The Spanish government has confiscated ballot boxes, detained Catalan officials, blocked electoral websites, and threatened sedition charges for anyone who helps facilitate the vote. Thousands of Spanish police officers have been deployed to Barcelona, Catalonia’s capital, and other towns, leading to the potential for confrontation or even violence. Catalans have begun to occupy polling places, challenging security forces to kick them out.
“The government will have big difficulties stopping the referendum in the territory, the state simply cannot control the whole region, but they will try to prevent it taking place in key areas such as Barcelona,” Lluis Orriols Galve, a professor of politics at the Carlos III University of Madrid, told Al Jazeera.
Polls have shown that support for independence has hovered below 50 percent, with the vast majority of people approving of the chance to put the issue to a vote.
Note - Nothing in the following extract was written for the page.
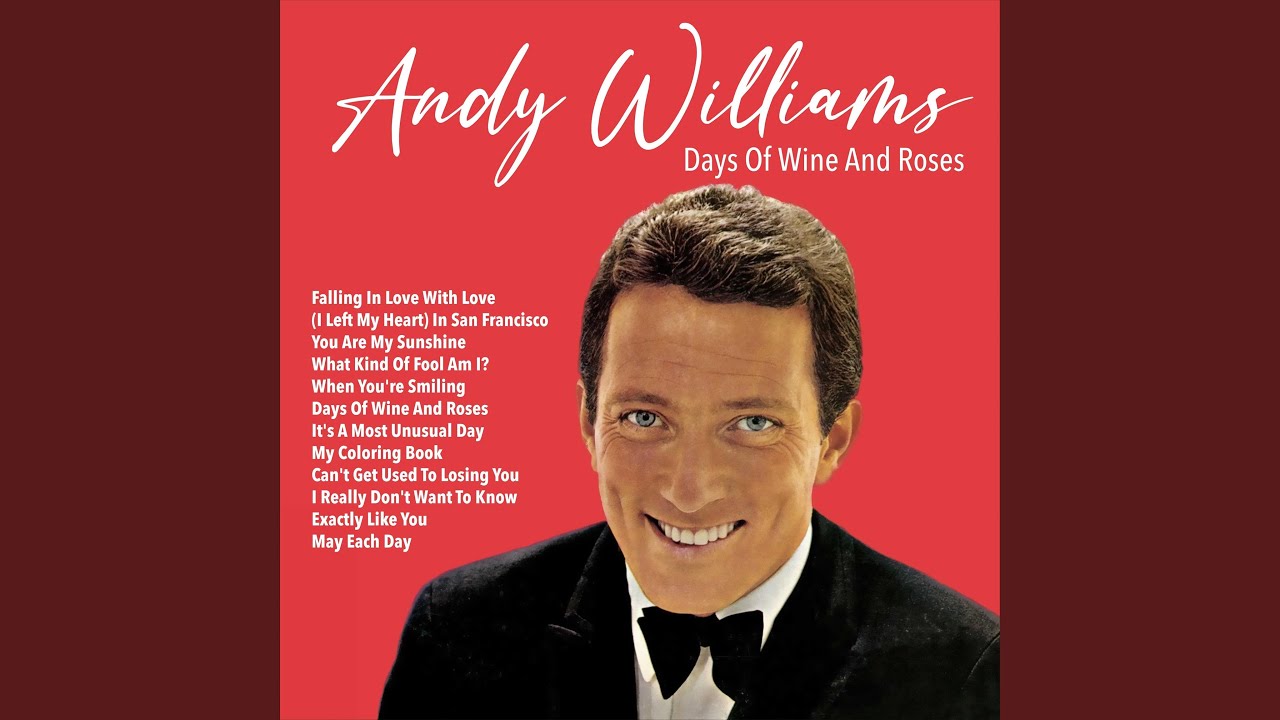 What Kind of Fool Am I? - YouTube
In 2010, Spain’s Constitutional Court struck down a law that would have given Catalonia “nation status” within Spain. The court also blocked a 2014 attempt at a referendum, which evolved into a nonbinding poll in which 80 percent of voters favored independence — but with less than half of the electorate participating. The leader who orchestrated that vote, Artur Mas, was banned from holding public office for two years.
Spanish prime minister Mariano Rajoy, who fiercely opposes the referendum, has much to lose politically. If Catalonia votes for independence, or the vote turns into a fiasco, he could be pushed out of power.
Catalonia, where residents speak Catalan as opposed to the Castilian Spanish spoken almost everywhere else in the country, has maintained a strong regional identity for hundreds of years, and its history has been punctuated with bouts of separatist fervor dating back to the 17th century. “We have been waiting for this moment for 300 years,” one enthusiastic teenager told the New York Times.
Catalonia briefly became its own republic within the Iberian Federation in the early 1930s, and Barcelona was at the vanguard of resistance to General Francisco Franco. But after Franco triumphed in the country’s traumatic civil war, he repressed Catalan culture during his decades in power. After Franco died and Spain transitioned to democracy in the mid-1970s, Barcelona was granted semi-autonomous status, and the region developed into an economically thriving tourist magnet, boosted by Barcelona’s successful 1992 Olympics. Catalonia is the country’s most prosperous region.
Spain was left economically devastated by the global recession that began in 2008, with unemployment rates rivaling the United States during the Great Depression. Many Catalans resented the central government’s role in the country’s crisis and felt that Catalonia, as an economic powerhouse, was being shortchanged by Madrid. Such economic grievances fueled the thirst for true independence in the region, which had never really gone away.
If Catalonia does vote for independence and manages to break away from Spain, both sides are likely take a hit. Whether Catalonia could prosper as an independent nation is an open question — as is what will happen on Sunday.